Records contained in a dataset
---------------

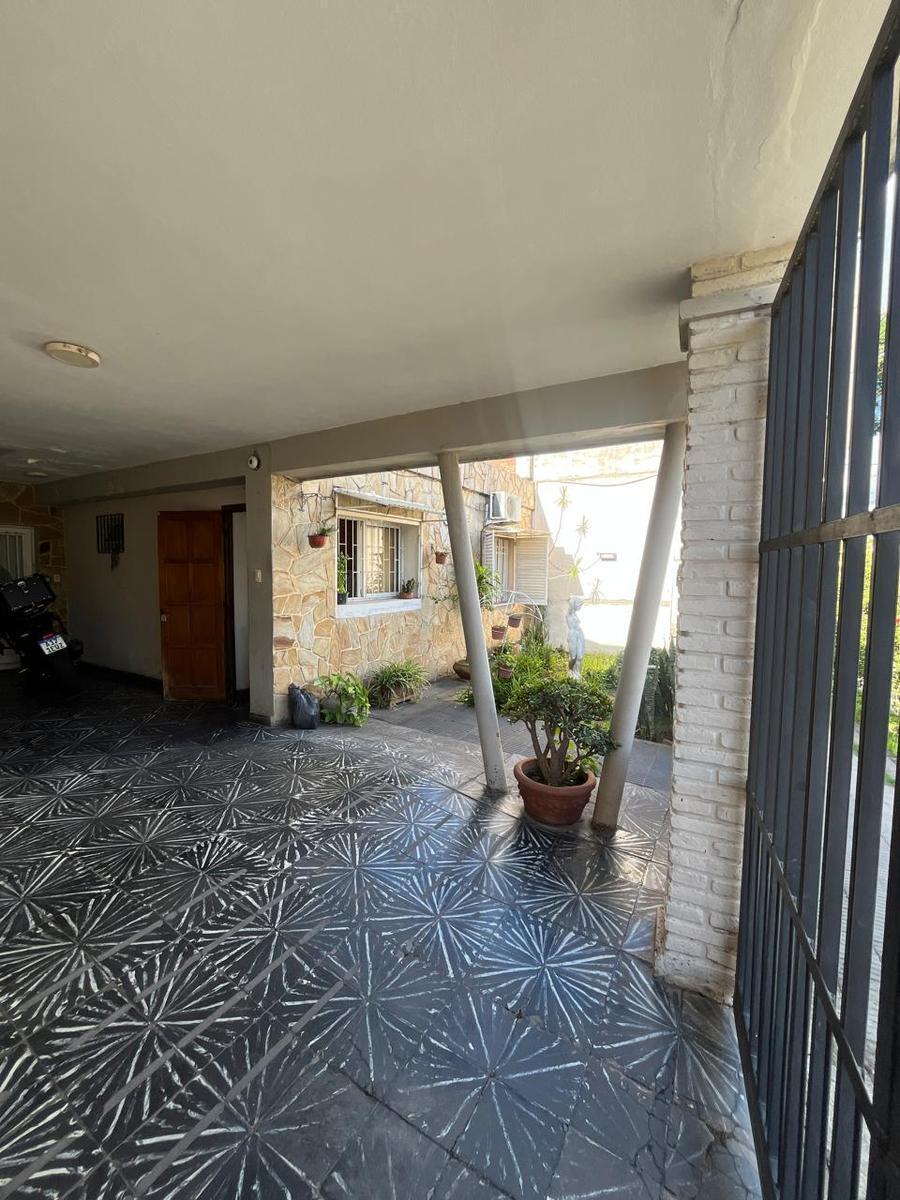 Casa en Venta - Bolivia 3400 3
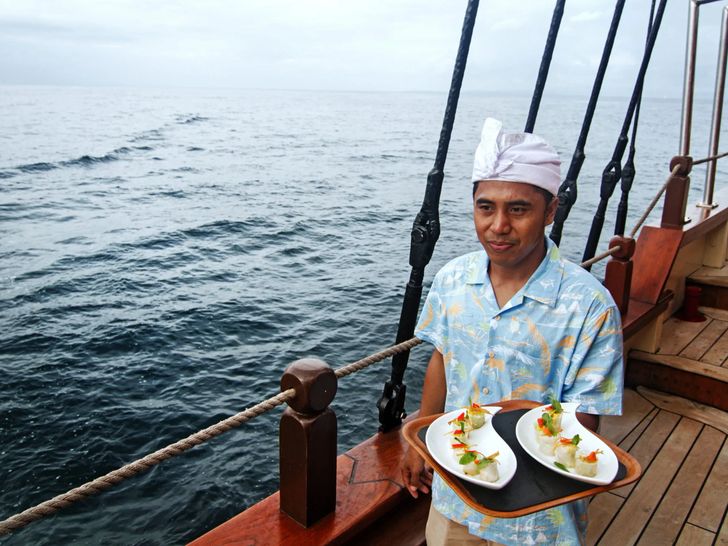 MUTIARA LAUT Phinisi 47m - steward MUTIARA LAUT Phinisi 47m - steward
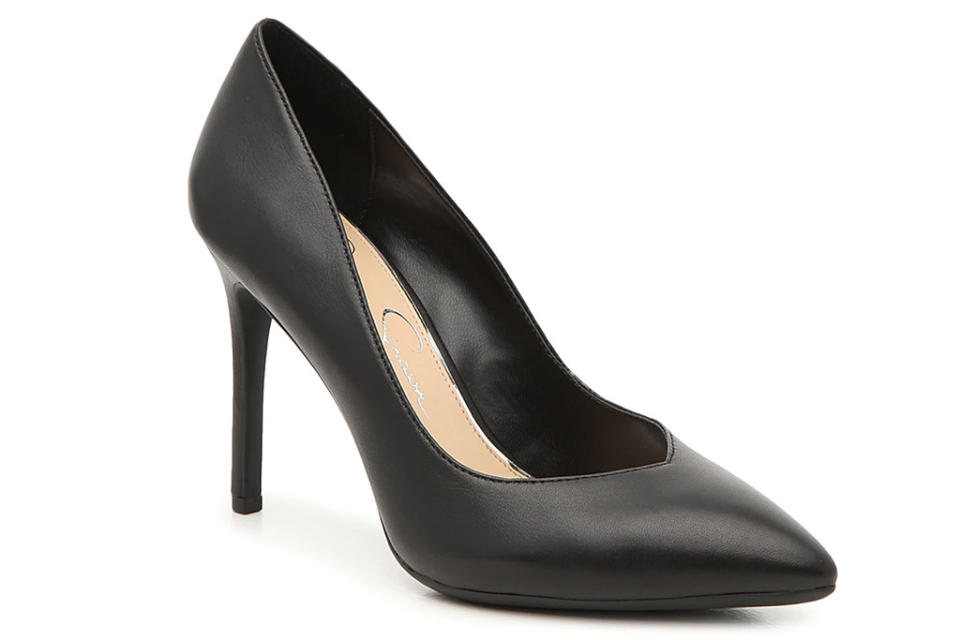 black pumps, jessica simpson pumps, pumps for halloween 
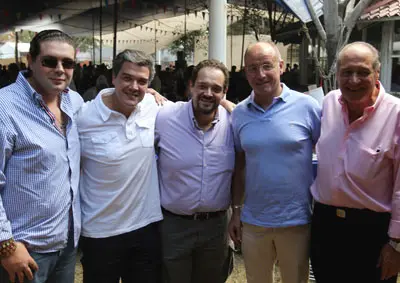Santiago Camba posó con algunos de los asistentes a la romería.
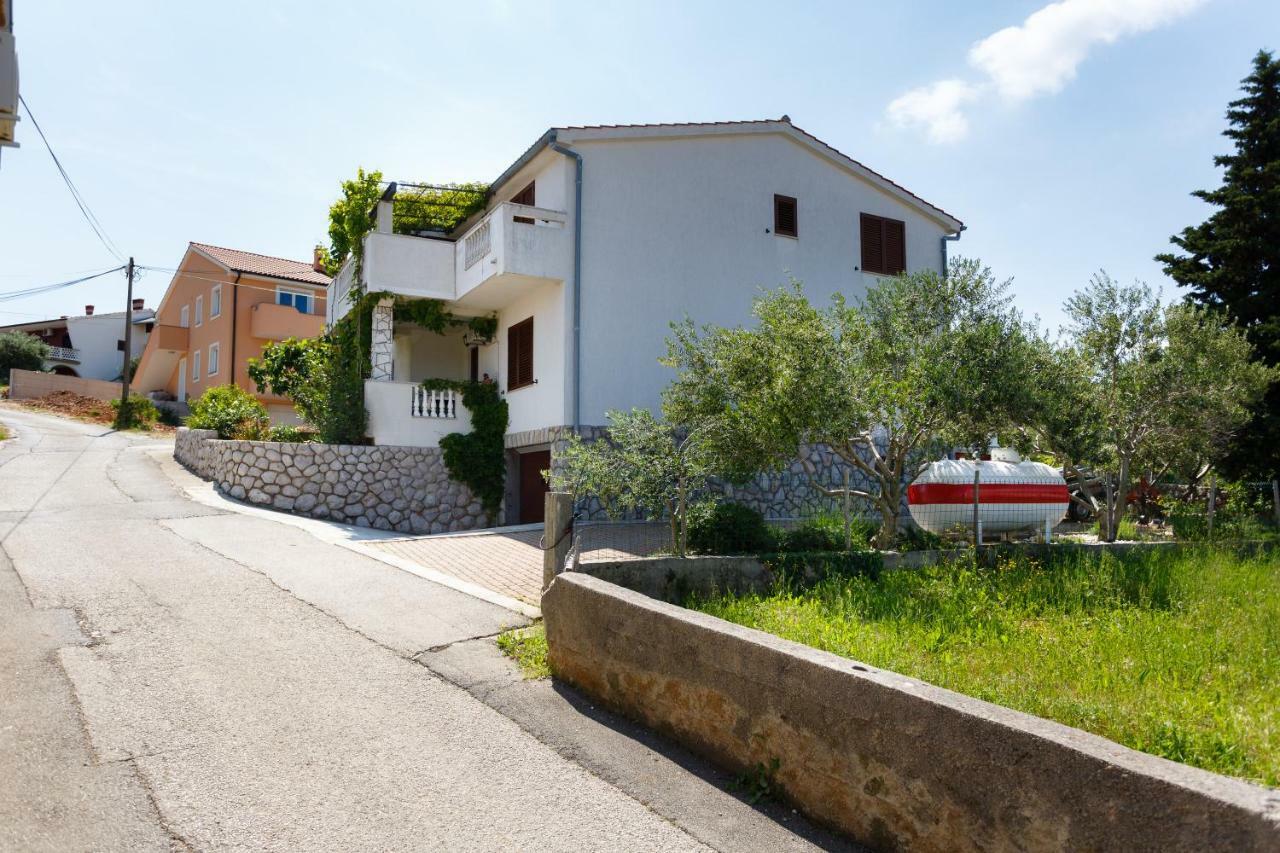 Apartments Jagoda Vrbnik Exterior photo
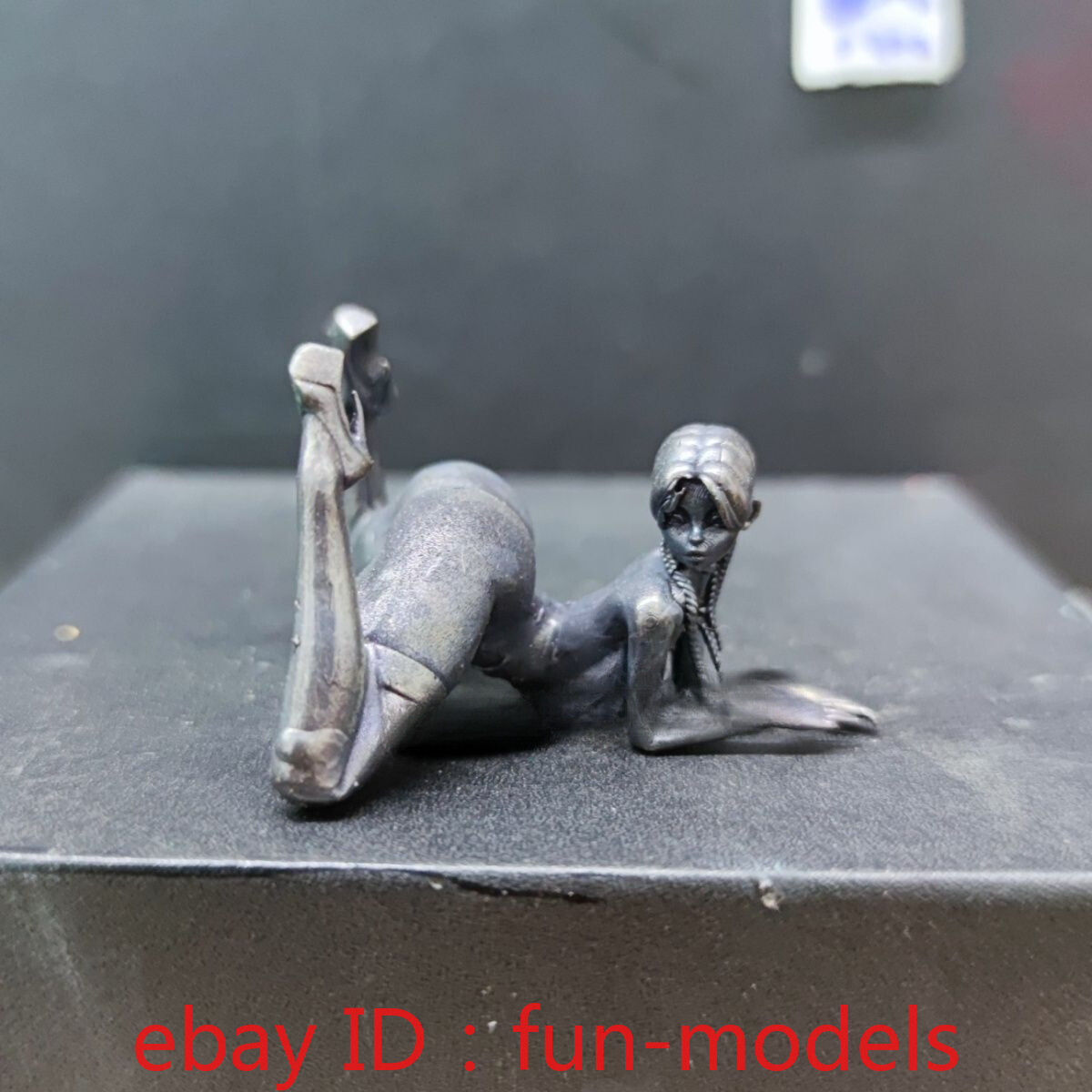 1.9“Black Solid Copper Cute Maiden Sexy Female Pose Car Ornament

---------------

Transcribe every record above exactly as written, leaving out any pictures.

> Finished exercise:
 Casa en Venta - Bolivia 3400 3
 MUTIARA LAUT Phinisi 47m - steward MUTIARA LAUT Phinisi 47m - steward
 black pumps, jessica simpson pumps, pumps for halloween 
Santiago Camba posó con algunos de los asistentes a la romería.
 Apartments Jagoda Vrbnik Exterior photo
 1.9“Black Solid Copper Cute Maiden Sexy Female Pose Car Ornament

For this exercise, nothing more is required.